Lighting livesSooner Theatre’s application for the grant requested funds to buy its own light and sound equipment, which it had to rent for every production, but Nancy Coggins said it was about much more than that.
“It cost us anywhere from $30,000 to $50,000 a year to rent lighting, depending on the shows that we do, and sound,” said Coggins, the theater’s spokeswoman and development director. “Because Impact Oklahoma is so generous and gave us this grant, we can take that $50,000 and take it out of our budget for the shows and put it into the budgets where we know it needs to be and where our hearts are. And that is in building our special needs program at the studio.”

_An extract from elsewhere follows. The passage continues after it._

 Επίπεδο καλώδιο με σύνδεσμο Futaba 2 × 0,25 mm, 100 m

Sooner Theatre already doubled the amount of classes it offers for people with special needs and continued training more instructors on how to better work with them. The theater is also working with several local organizations on a pilot program for children who have undergone trauma.

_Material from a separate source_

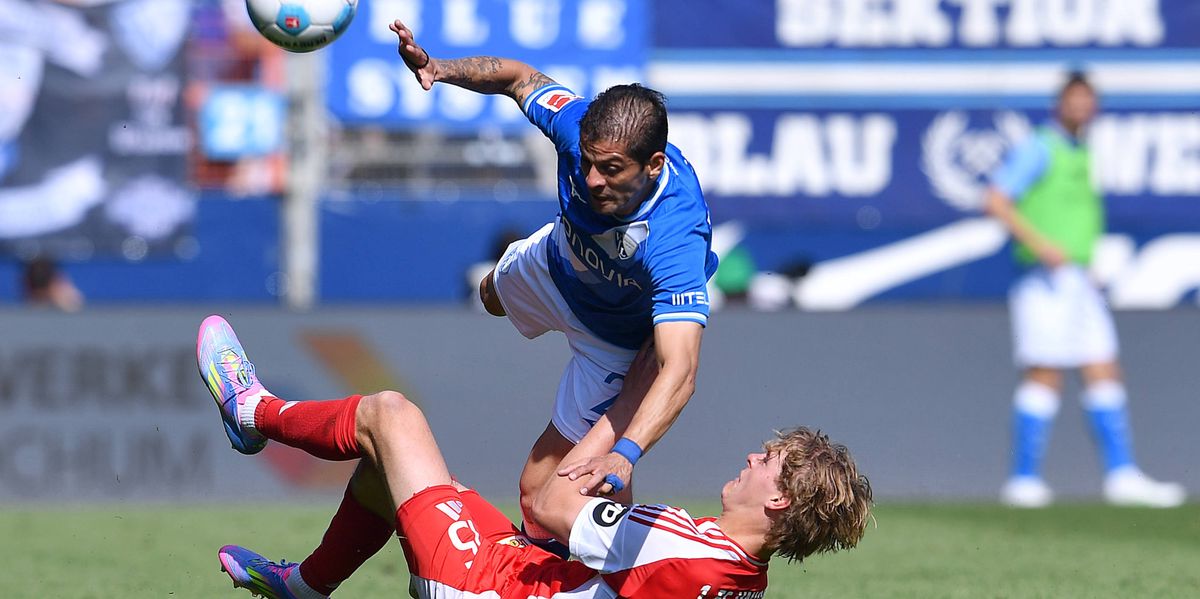 Bundesliga: VfL Bochum nur mit 1:1 gegen Union Berlin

- OKC Metro Alliance hosted a beam signing for Women’s Firstep’s new kitchen and dining room being built with funds from the Impact Oklahoma grant.
“Two troupes of students are going to be doing theater activities and improv games and all kinds of things to help them work through their trauma. It’s called Trauma Drama, and we’re so very excited about that,” Coggins said. “That’s a program that we were able to help launch because we had the money in our budget that we didn’t before.”
The ability to buy lighting and sound equipment relieved so much pressure from its budgets that the theater has also been able to provide more scholarships at larger amounts to students who otherwise wouldn’t be able to participate in performing arts.
“We did that to the tune of about $42,000 dollars,” Coggins said. “Those are things that we know are critical. Those are the things that we know are making an impact and changing lives in the community for a long amount of time. It’s helping kids find their way and find their voice that didn’t have that opportunity. … The $100,000 Impact Oklahoma investment is going to equal about a million-dollar impact in our organization and on the lives that we can change over the next 20 or so years — the lifespan of lights and sound. It’s phenomenal. It’s life-changing.”
Grant applications are split into five focus areas: community, culture, education, health and wellness and healthy families. Sooner Theatre is the first organization to receive a top grant in the culture focus area.
“I think that says a lot for not just the programs that we do, but for the women who are part of Impact Oklahoma, who know the impact of what the arts has on a community and the arts can have on an individual,” Coggins said. “We are incredibly grateful that they recognize the power of the arts and we could not be more elated.”
Local impactOklahoma Impact pools membership fees and donations into a grant fund that allows it to provide sizable grants to various organizations annually. The grant process begins in autumn and culminates around April with the group’s annual meeting, where finalists make presentations and women vote.
The group hosts a membership mixer 5:30 p.m. Tuesday at Social Capital, 517 S. Hudson Ave., for current or former members or anyone who wants to learn more about the organization.
Impact Oklahoma also hosts Circles of Impact 7 p.m. Oct. 26. It is an event to celebrate and benefit the organization’s mission. It features shopping, dinner, drinks, a short program and recognition of Shannon Presti as the 2019 Woman of Influence.